> **Aim of the exercise**
The entries are to be returned exactly as written.

> **Material shown**
↓

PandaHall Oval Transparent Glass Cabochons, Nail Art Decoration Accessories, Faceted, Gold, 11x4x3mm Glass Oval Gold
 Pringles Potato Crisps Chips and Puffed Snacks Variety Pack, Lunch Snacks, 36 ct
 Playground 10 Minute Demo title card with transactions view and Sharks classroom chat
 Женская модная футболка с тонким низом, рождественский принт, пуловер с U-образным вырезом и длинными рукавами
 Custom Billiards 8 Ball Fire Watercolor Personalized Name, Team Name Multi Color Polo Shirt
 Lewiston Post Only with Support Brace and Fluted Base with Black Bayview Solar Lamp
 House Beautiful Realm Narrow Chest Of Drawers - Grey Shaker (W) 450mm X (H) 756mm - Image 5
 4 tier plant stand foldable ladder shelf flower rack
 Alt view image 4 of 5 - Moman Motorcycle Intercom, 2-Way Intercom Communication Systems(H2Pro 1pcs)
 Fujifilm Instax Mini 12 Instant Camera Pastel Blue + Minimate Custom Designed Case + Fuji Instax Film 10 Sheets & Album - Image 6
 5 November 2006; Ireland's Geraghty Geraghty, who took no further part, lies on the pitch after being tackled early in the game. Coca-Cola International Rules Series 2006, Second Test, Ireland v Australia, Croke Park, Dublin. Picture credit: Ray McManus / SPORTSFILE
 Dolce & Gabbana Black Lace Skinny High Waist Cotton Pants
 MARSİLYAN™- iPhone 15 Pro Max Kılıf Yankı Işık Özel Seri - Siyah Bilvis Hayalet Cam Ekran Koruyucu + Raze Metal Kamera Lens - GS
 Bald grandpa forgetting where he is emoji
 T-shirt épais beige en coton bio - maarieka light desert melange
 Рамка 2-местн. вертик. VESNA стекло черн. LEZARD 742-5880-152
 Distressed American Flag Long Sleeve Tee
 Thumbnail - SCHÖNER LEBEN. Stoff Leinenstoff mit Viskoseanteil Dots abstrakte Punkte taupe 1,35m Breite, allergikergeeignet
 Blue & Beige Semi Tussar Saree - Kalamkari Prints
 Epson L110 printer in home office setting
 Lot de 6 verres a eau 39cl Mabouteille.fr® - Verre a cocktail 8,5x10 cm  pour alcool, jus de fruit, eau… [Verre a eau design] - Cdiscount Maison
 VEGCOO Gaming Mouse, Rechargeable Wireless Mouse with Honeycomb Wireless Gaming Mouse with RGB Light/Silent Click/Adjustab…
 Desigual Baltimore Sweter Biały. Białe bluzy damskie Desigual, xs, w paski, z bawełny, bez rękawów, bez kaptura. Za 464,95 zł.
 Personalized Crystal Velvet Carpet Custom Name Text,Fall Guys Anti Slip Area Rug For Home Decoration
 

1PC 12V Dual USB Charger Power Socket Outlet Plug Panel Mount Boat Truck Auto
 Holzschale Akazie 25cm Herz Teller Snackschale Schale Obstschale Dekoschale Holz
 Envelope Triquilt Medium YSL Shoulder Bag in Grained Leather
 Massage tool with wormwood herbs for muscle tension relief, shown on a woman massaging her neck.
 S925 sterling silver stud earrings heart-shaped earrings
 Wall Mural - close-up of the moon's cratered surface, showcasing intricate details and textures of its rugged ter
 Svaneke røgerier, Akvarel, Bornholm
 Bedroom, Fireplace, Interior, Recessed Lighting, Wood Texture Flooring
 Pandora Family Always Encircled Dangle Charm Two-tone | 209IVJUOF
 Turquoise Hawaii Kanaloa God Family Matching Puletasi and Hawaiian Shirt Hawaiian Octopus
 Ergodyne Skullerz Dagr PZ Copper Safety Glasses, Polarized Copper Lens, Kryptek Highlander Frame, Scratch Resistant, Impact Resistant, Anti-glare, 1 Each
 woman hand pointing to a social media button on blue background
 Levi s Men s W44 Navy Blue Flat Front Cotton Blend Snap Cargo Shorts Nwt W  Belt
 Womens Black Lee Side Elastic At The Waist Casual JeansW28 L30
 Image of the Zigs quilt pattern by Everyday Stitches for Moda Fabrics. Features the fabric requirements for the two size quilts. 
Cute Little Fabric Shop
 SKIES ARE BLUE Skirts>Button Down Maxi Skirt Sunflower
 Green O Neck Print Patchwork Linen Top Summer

↑

> **Solution for this exercise**
PandaHall Oval Transparent Glass Cabochons, Nail Art Decoration Accessories, Faceted, Gold, 11x4x3mm Glass Oval Gold
 Pringles Potato Crisps Chips and Puffed Snacks Variety Pack, Lunch Snacks, 36 ct
 Playground 10 Minute Demo title card with transactions view and Sharks classroom chat
 Женская модная футболка с тонким низом, рождественский принт, пуловер с U-образным вырезом и длинными рукавами
 Custom Billiards 8 Ball Fire Watercolor Personalized Name, Team Name Multi Color Polo Shirt
 Lewiston Post Only with Support Brace and Fluted Base with Black Bayview Solar Lamp
 House Beautiful Realm Narrow Chest Of Drawers - Grey Shaker (W) 450mm X (H) 756mm - Image 5
 4 tier plant stand foldable ladder shelf flower rack
 Alt view image 4 of 5 - Moman Motorcycle Intercom, 2-Way Intercom Communication Systems(H2Pro 1pcs)
 Fujifilm Instax Mini 12 Instant Camera Pastel Blue + Minimate Custom Designed Case + Fuji Instax Film 10 Sheets & Album - Image 6
 5 November 2006; Ireland's Geraghty Geraghty, who took no further part, lies on the pitch after being tackled early in the game. Coca-Cola International Rules Series 2006, Second Test, Ireland v Australia, Croke Park, Dublin. Picture credit: Ray McManus / SPORTSFILE
 Dolce & Gabbana Black Lace Skinny High Waist Cotton Pants
 MARSİLYAN™- iPhone 15 Pro Max Kılıf Yankı Işık Özel Seri - Siyah Bilvis Hayalet Cam Ekran Koruyucu + Raze Metal Kamera Lens - GS
 Bald grandpa forgetting where he is emoji
 T-shirt épais beige en coton bio - maarieka light desert melange
 Рамка 2-местн. вертик. VESNA стекло черн. LEZARD 742-5880-152
 Distressed American Flag Long Sleeve Tee
 Thumbnail - SCHÖNER LEBEN. Stoff Leinenstoff mit Viskoseanteil Dots abstrakte Punkte taupe 1,35m Breite, allergikergeeignet
 Blue & Beige Semi Tussar Saree - Kalamkari Prints
 Epson L110 printer in home office setting
 Lot de 6 verres a eau 39cl Mabouteille.fr® - Verre a cocktail 8,5x10 cm  pour alcool, jus de fruit, eau… [Verre a eau design] - Cdiscount Maison
 VEGCOO Gaming Mouse, Rechargeable Wireless Mouse with Honeycomb Wireless Gaming Mouse with RGB Light/Silent Click/Adjustab…
 Desigual Baltimore Sweter Biały. Białe bluzy damskie Desigual, xs, w paski, z bawełny, bez rękawów, bez kaptura. Za 464,95 zł.
 Personalized Crystal Velvet Carpet Custom Name Text,Fall Guys Anti Slip Area Rug For Home Decoration
 

1PC 12V Dual USB Charger Power Socket Outlet Plug Panel Mount Boat Truck Auto
 Holzschale Akazie 25cm Herz Teller Snackschale Schale Obstschale Dekoschale Holz
 Envelope Triquilt Medium YSL Shoulder Bag in Grained Leather
 Massage tool with wormwood herbs for muscle tension relief, shown on a woman massaging her neck.
 S925 sterling silver stud earrings heart-shaped earrings
 Wall Mural - close-up of the moon's cratered surface, showcasing intricate details and textures of its rugged ter
 Svaneke røgerier, Akvarel, Bornholm
 Bedroom, Fireplace, Interior, Recessed Lighting, Wood Texture Flooring
 Pandora Family Always Encircled Dangle Charm Two-tone | 209IVJUOF
 Turquoise Hawaii Kanaloa God Family Matching Puletasi and Hawaiian Shirt Hawaiian Octopus
 Ergodyne Skullerz Dagr PZ Copper Safety Glasses, Polarized Copper Lens, Kryptek Highlander Frame, Scratch Resistant, Impact Resistant, Anti-glare, 1 Each
 woman hand pointing to a social media button on blue background
 Levi s Men s W44 Navy Blue Flat Front Cotton Blend Snap Cargo Shorts Nwt W  Belt
 Womens Black Lee Side Elastic At The Waist Casual JeansW28 L30
 Image of the Zigs quilt pattern by Everyday Stitches for Moda Fabrics. Features the fabric requirements for the two size quilts. 
Cute Little Fabric Shop
 SKIES ARE BLUE Skirts>Button Down Maxi Skirt Sunflower
 Green O Neck Print Patchwork Linen Top Summer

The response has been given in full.